**Task:** Using the data below, return word for word every line from the one holding "大きいサイズ メンズ ALPHA" down to the one holding "Chocolate Mocha Cake Recipe 3". Leave pictures out.

**Supplied data:**
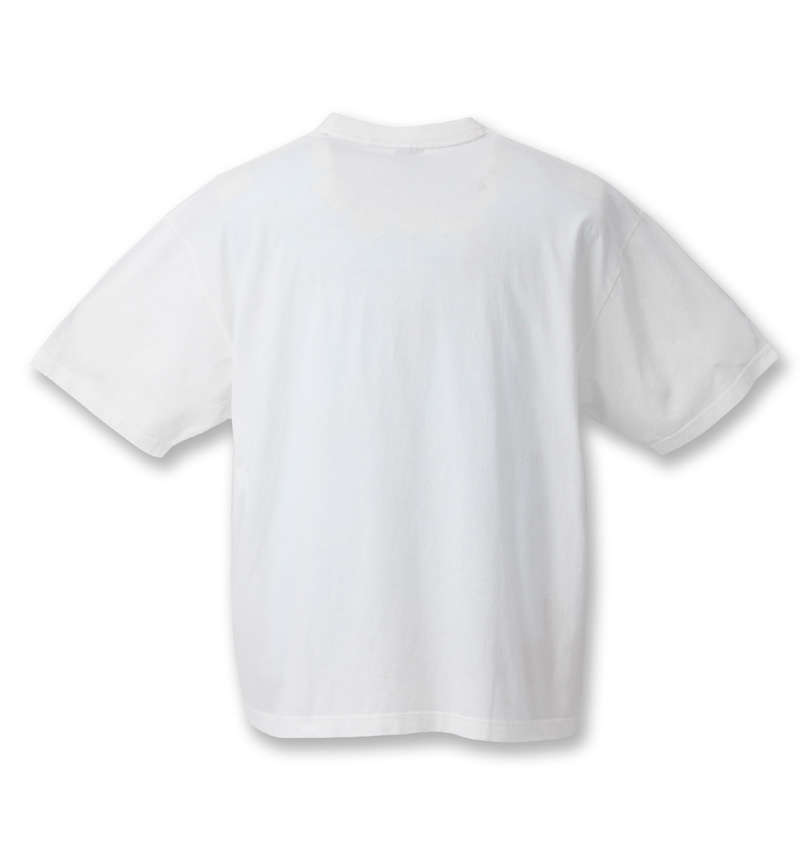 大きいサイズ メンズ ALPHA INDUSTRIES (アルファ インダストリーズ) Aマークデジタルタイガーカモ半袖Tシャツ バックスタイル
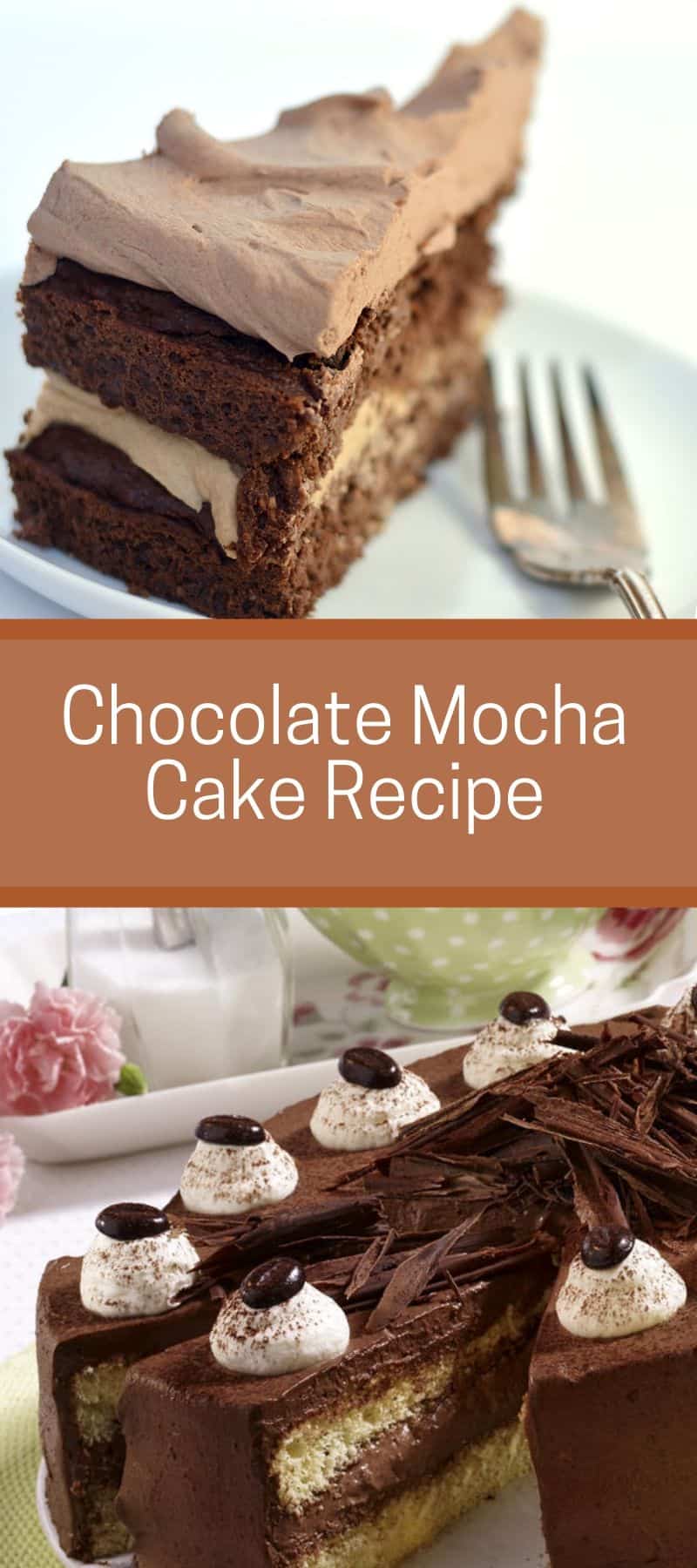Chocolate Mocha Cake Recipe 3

==

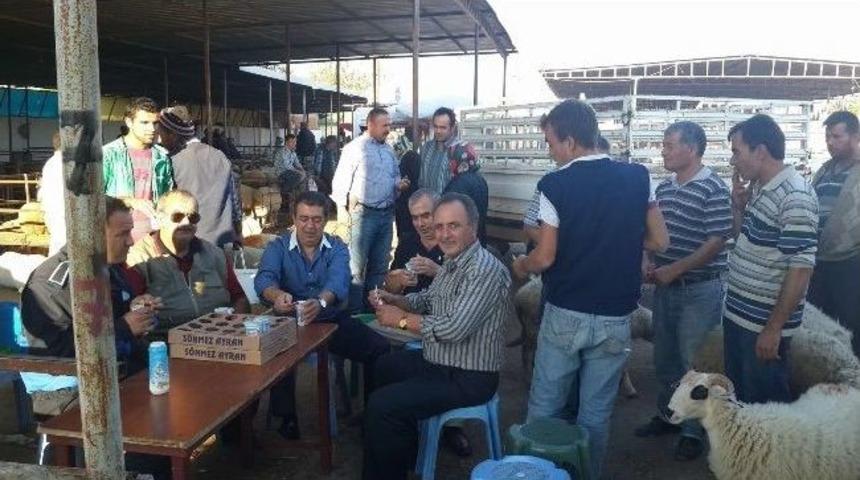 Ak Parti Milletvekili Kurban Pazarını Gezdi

**Response for this exercise:**
 大きいサイズ メンズ ALPHA INDUSTRIES (アルファ インダストリーズ) Aマークデジタルタイガーカモ半袖Tシャツ バックスタイル
Chocolate Mocha Cake Recipe 3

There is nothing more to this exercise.